さて、演目の内容だが最初の「寿式三番叟」は国土安穏、天下泰平の願い、そして「がんばろう日本」の祈りをこめた演目である。この演目は、特別な格式を持ち、祝賀には欠かせない祝儀曲なのだそうだ。めったに見られないものだそうだが、文楽初心者としては、太夫の声と三味線の音が、まるで心地良い子守唄として聞こえ眠たくて仕方なかった。みんなに聞いてみたら、かなりの人が眠たかったそうだ。

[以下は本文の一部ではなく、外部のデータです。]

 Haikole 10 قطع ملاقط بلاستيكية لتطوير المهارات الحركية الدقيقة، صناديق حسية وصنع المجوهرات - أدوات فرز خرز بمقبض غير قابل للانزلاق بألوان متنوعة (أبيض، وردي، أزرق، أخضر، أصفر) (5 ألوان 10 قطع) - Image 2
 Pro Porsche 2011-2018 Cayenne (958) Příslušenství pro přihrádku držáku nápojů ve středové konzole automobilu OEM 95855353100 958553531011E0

二番目の「伽羅先代萩 御殿の段」は、仙台伊達藩で起こった家督争い、いわゆる「伊達騒動」を題材にした作品で、乳母政岡(まさおか)が自らの子を犠牲にして、悪人一派から幼い主君鶴千代(つるちよ)を守るくだりである。我が子を目の前で殺されても気丈にも顔色ひとつ変えずに若君を守る政岡が、ひとりになってはじめて我が子の死を嘆くあたりが見所である。人形とはいえ、悲しげな動きが涙を誘う場面であった。

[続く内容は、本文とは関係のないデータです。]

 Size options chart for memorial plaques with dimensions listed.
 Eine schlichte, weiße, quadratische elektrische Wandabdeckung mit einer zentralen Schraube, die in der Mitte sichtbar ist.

三番目は「近頃河原の達引 堀川猿廻しの段」で、お俊伝兵衛の心中の物語だ。堀川猿回しの段ではお俊の兄が二人の門出を祝って猿回しの芸を披露するが、このとき人形遣いは一人で二体の猿を遣う。死出の旅になるかもしれぬ悲しい別れの場面だが、可愛くて軽快に動くお猿さんが見所である。お猿さんが演じる祝言は、二人が少しでも長く生きてほしいという家族の願いが込められているというわけである。

三つの演目を見終わると午後2時半くらいになっていた。眠い場面もあったが、日本の古典芸能の格式ある様子ときめ細かい演出や人形の豪華絢爛な衣装等、日本の素晴らしい芸術を堪能させてもらった。